- [INFORMATION GIVEN]

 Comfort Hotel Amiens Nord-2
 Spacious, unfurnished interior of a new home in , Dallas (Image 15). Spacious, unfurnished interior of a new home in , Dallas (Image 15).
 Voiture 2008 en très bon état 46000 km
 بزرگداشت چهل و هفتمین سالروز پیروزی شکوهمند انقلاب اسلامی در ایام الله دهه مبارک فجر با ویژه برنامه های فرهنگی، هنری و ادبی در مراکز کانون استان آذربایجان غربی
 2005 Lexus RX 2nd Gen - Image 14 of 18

* * *

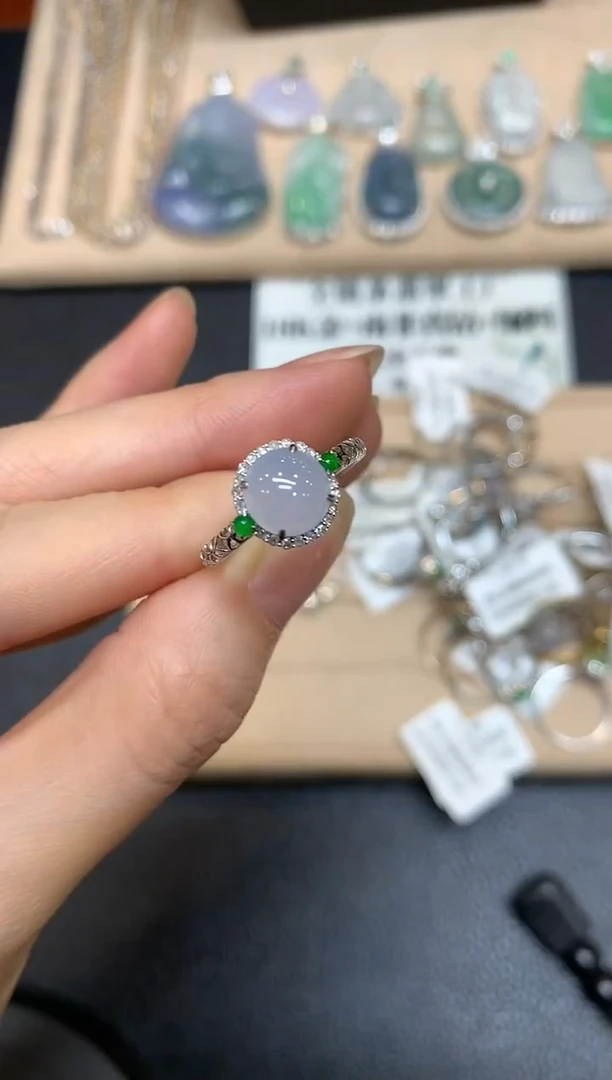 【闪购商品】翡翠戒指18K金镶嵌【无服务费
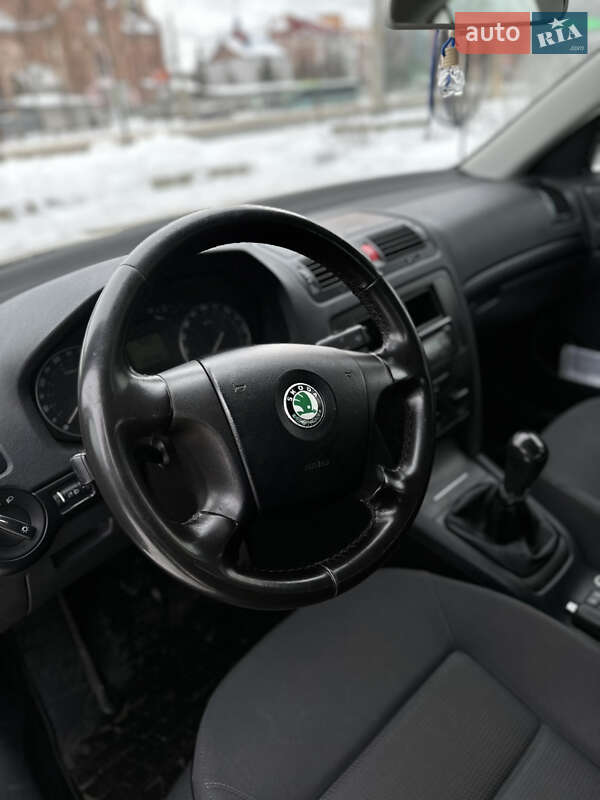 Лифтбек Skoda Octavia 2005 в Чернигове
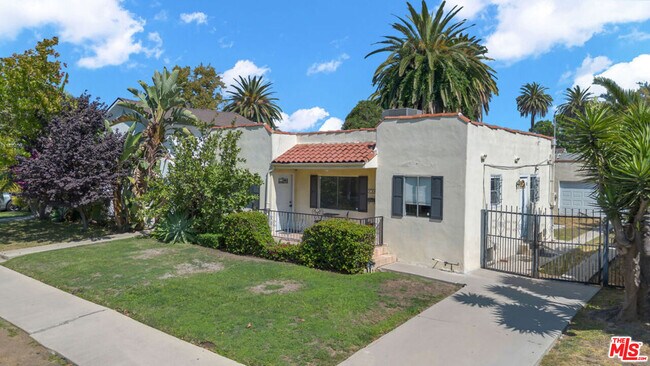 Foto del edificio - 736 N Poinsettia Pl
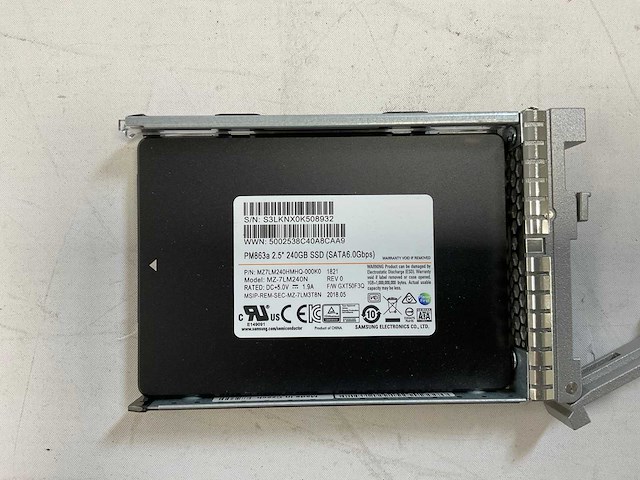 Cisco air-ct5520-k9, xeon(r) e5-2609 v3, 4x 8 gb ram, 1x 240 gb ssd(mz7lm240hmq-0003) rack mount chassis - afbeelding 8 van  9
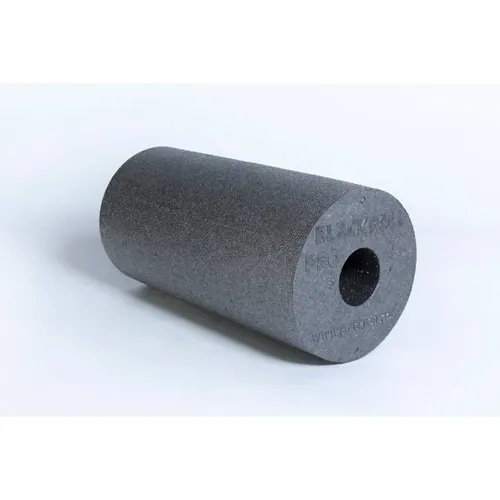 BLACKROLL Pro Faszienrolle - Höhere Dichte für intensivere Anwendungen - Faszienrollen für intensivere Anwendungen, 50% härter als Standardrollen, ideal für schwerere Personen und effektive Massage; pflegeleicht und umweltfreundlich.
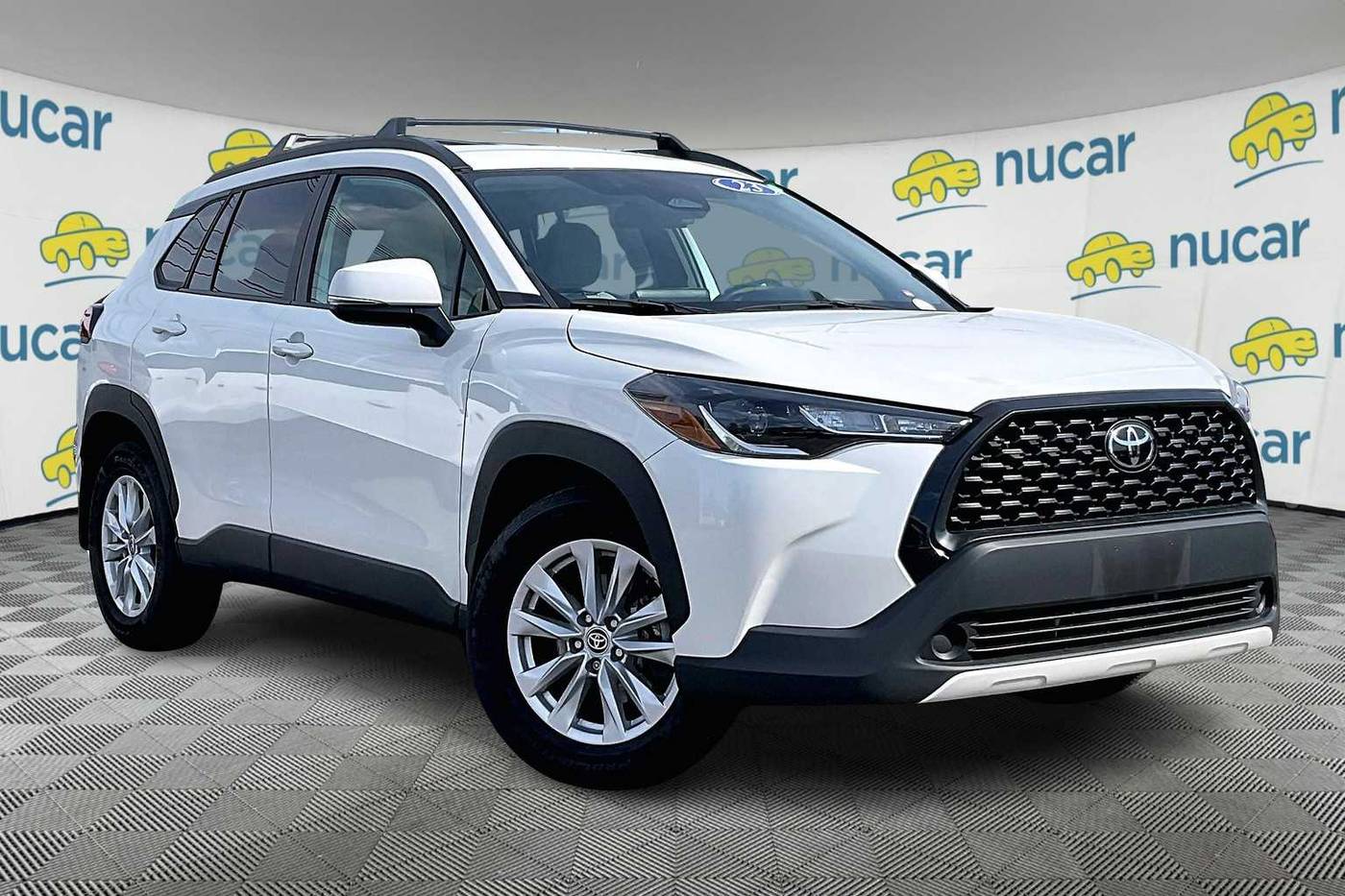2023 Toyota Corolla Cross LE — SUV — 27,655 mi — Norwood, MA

- [PROBLEM STATEMENT]
Retype the records above, but only those lines that fall between the line containing "بزرگداشت چهل و" and the line containing "2005 Lexus RX 2nd Gen - Image 14 of 18", with both of those lines included, exactly as written.

- [WRITTEN RESPONSE]
 بزرگداشت چهل و هفتمین سالروز پیروزی شکوهمند انقلاب اسلامی در ایام الله دهه مبارک فجر با ویژه برنامه های فرهنگی، هنری و ادبی در مراکز کانون استان آذربایجان غربی
 2005 Lexus RX 2nd Gen - Image 14 of 18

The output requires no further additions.